Policymakers voted 5-4 in favour of leaving rates unchanged on Thursday but said borrowing costs were "likely to continue on a gradual downward path".
Bank governor Andrew Bailey said rather than cutting interest rates now, he would "prefer to wait and see" if price rises continued to ease this year.
The Bank's decision comes ahead of the government's Budget on 26 November, where speculation has grown that Chancellor Rachel Reeves will raise taxes.
The chancellor has not ruled out raising income tax, National Insurance or VAT - a move that would breach Labour's main manifesto pledge.
Reacting to the Bank's latest decision, Reeves said the latest forecast "shows that inflation is due to fall faster than previously predicted".
"At the Budget later this month I will take the fair choices that are necessary to build the strong foundations for our economy so we can continue to cut waiting lists, cut the national debt and cut the cost of living."
Inflation - the rate at which prices rise - currently stands at 3.8%, nearly double the Bank's target of 2%. A drop in the rate of inflation does not mean that prices are falling, but that prices are rising at a slower rate.
Despite judging inflation to have peaked, the Bank said evidence suggested in its quarterly update on the UK economy that there was "no sign of increasing consumer confidence".
"Consumers remain cautious, focused on value, and prefer saving to overspending," it said.
It said while supermarkets had reported strong food sales growth, it was driven by price rises, with volumes staying flat.


The Bank said it expected food price inflation to remain higher this year before slowing in 2026, citing higher global agricultural prices.
"Households continue to change their shopping habits to reduce spending, such as buying more vegetables and reducing meat consumption," it reported.
Aside from food bills, childcare costs and caring obligations were leading some people to reduce their working hours or "even stop working", the Bank said.
"Fashion retailers report falling sales due to competition from the second-hand market," it said, adding that accommodation providers were seeing shorter stays and restaurants faced "weak demand" with lower spending per visit.
The Bank of England, which is independent of the government, sets interest rates in an attempt to try to keep consumer price rises under control.
Its base rate has an impact on the cost of borrowing for individuals and businesses, including mortgages, and also on returns on savings.
September's inflation figure of 3.8% was unchanged from August. The Bank said the rate had peaked and predicted it was likely to fall "close to 3% early next year" before gradually returning towards 2% in 2027.
Policymakers said the decision to hold rates at 4% was down to wage growth continuing to slow and price rises for services easing.

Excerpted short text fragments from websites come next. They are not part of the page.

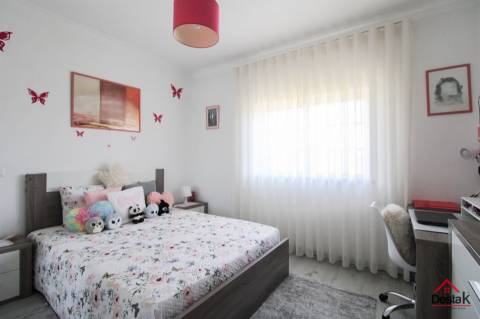Fantástica moradia Isolada T4 com terreno, anexos, totalmente equipada e mobilada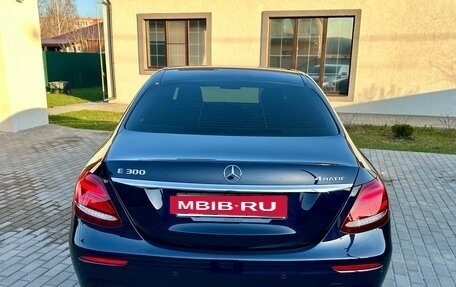 Mercedes-Benz E-Класс, 2019 год, 2 750 000 рублей, 5 фотография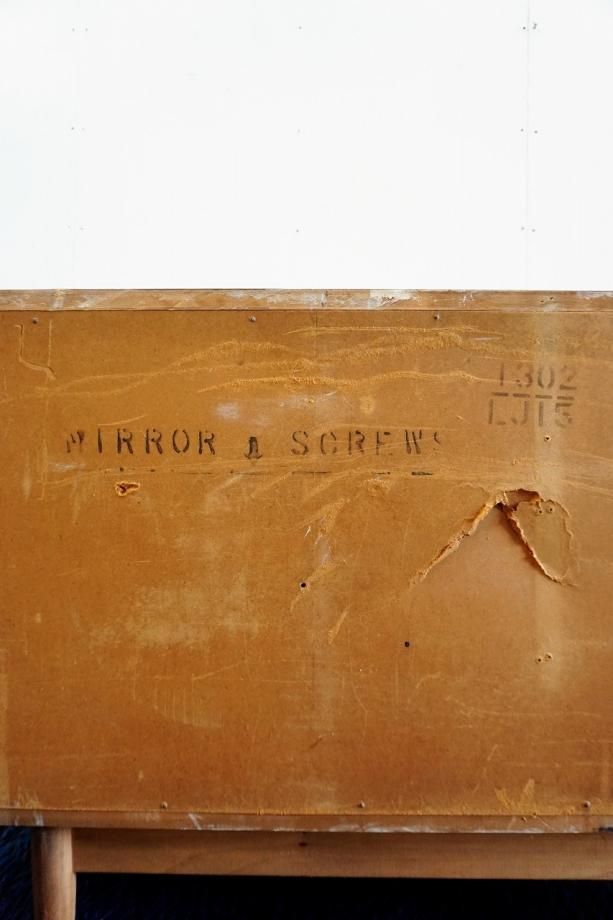 ユナイテッド社製ビンテージサイドボード 1960's ヴィンテージ UNITED FURNITURE社製 ウッドサイドボード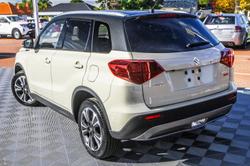 2024 Suzuki Vitara Turbo LY Series II Savannah Ivory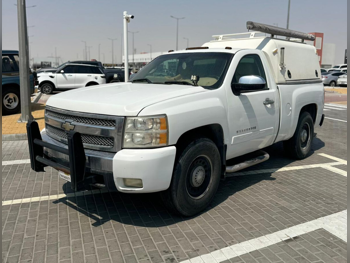 شفروليه  سلفرادو  2008  اوتوماتيك  336,009 كم  8 سلندر  دفع رباعي  بيكب  أبيض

But it warned the current rates of wage growth and service price inflation needed to fall further for policymakers to be "confident that inflation will fall back to the 2% target".
Yael Selfin, chief economist at KPMG UK, said the close vote "underscores the uncertain backdrop policymakers are navigating ahead of the Budget".
However, she added the Bank's comments suggest "the door remains open for a rate cut at the December meeting".
In its latest Monetary Policy Report, the Bank said UK economic growth would be 1.5% this year, but estimated it would fall to 1.2% next year before rising to 1.6% in 2027 and 1.8% in 2028.
The government has made growing the economy its main priority as part of its efforts to boost living standards.
The Bank forecast the unemployment rate would hit 5% in the final three months of the year and remain around that level until 2028.
The theory behind increasing interest rates to tackle inflation is that by making borrowing more expensive, more people will cut back on spending and that leads to demand for goods falling and price rises easing.
But it is a balancing act, as high interest rates can harm the economy as businesses hold off from investing in production and jobs.